J’ai découvert le graffiti assez tôt, à l’adolescence, parce que forcément quand tu grandis en banlieue, c’est la période où le truc que tu kiffes faire c’est de sortir, d’aller à Paris, même sans avoir quelque chose à y faire ni un franc à y dépenser… et du coup tu découvres tout d’abord le RER, à l’époque, de magnifiques petits gris nous transportaient jusqu’à la capitale et très rapidement ton attention se porte sur les murs graffés, les sièges taggués, les rayures… Je ne saurais dire quand j’ai commencé à m’y intéresser mais je me souviens précisément que ça soulevait en moi un truc assez étrange. Pourquoi ces gens font-ils ça ? Qu’est ce que peuvent bien vouloir dire tous ces noms étranges… Ce qui m’a plu surtout c’était la part de mystère, ça me plaisait aussi que la plupart des gens dans les wagons du RER semblait s’en foutre, ils regardaient à peine par la fenêtre, ou alors, pas pour la lecture qu’offrent les murs. Au début, je m’y suis intéressée surtout pour comprendre ce truc qui ne semble pas captiver grand monde.

– Quand as-tu commencé ? Comment, pourquoi le passage à l’action ? Dans quel état d’esprit ?

J’ai commencé en 2003, en me disant pourquoi pas moi. Je voulais juste saisir ce moyen d’expression, j’avais pas encore intégré le fait que ça pouvait finir par devenir un truc addictif, presque comme une compétition, un sport collectif.

– Que cherchais-tu à faire dans ce mode d’expression ? Tu le vois toujours de la même manière ?

Je ne cherchais pas grand chose à vrai dire. C’était assez inexplicable, j’avais envie de le faire. Au début, j’imagine comme tout le monde, ce qui me plaisait c’était de m’approprier les murs de ma ville, et puis après on étend son champ d’action.
Ma vision du graff a évolué avec les années. J’y ai vu un lieu de socialisation assez spécial, avec des personnes très différentes les unes des autres, et qui pour diverses raisons se sont retrouvées à plus aimer peindre des murs qu’aller en boite. J’ai vu aussi le côté compétition du graff, avec ses bons côtés, la motivation qu’elle te donne et l’envie de te dépasser, mais aussi ses mauvais côtés, te rendant parfois inconscient, juste pour l’exploit. Et il y a aussi un côté particulièrement égocentrique dans le graffiti, qui est plus ou moins développé selon les personnes, mais qui est en fait un vrai poison. On ne fait que peindre des surfaces, on n’a pas inventé le fil à couper le beurre ni sauvé des vies, il faut savoir raison garder.

– La 1ère bombe ou le 1er marqueur que tu as tenu en main, ton 1er tag / graff, tu t’en souviens ? Dans quelle ville et sur quel support ?

Bien sûr.

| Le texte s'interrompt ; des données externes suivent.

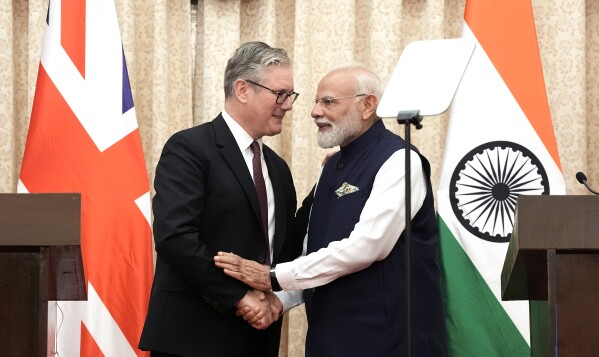 India and UK announce joint center for AI, opening of British campuses in Bengaluru, GIFT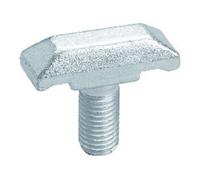 HS Montagetechnik Vis à tête crochet HS 50/30 4.6 galZn M12x 80 Quantité:100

La première fois était un graff vandal dans une rue, réalisé par quelqu’un qui n’y connaissait rien. J’étais allée chez Génération 400ml, et j’avais acheté une noire et blanche, de la True Colors. Le projet c’était de faire un chrome, mais ce n’est qu’une fois le graff réalisé que je me suis rendue compte que ça ne ressemblait pas du tout à la couleur des chromes et que c’était vraiment une grosse galère de remplir un graff en blanc, d’autant plus quand tu t’attaques à un mur en crépis dégueu. J’y avais été seule, dans ma ville, une nuit. A l’époque, je ne connaissais personne dans le graff, mais j’avais envie d’essayer moi aussi et je ne pensais que vraiment, personne n’aurait envie de m’accompagner pour faire un truc qui paraît si stupide pour pas mal de gens. Je n’ai même pas de photo de ce graff, qui a été buffé avant que je n’y retourne. Assez décevant comme première expérience et du mieux que je m’en souvienne, il était assez moche.
Avant de réutiliser une spray, j’ai mis quelques temps. J’ai sketché et j’ai rencontré des graffeurs.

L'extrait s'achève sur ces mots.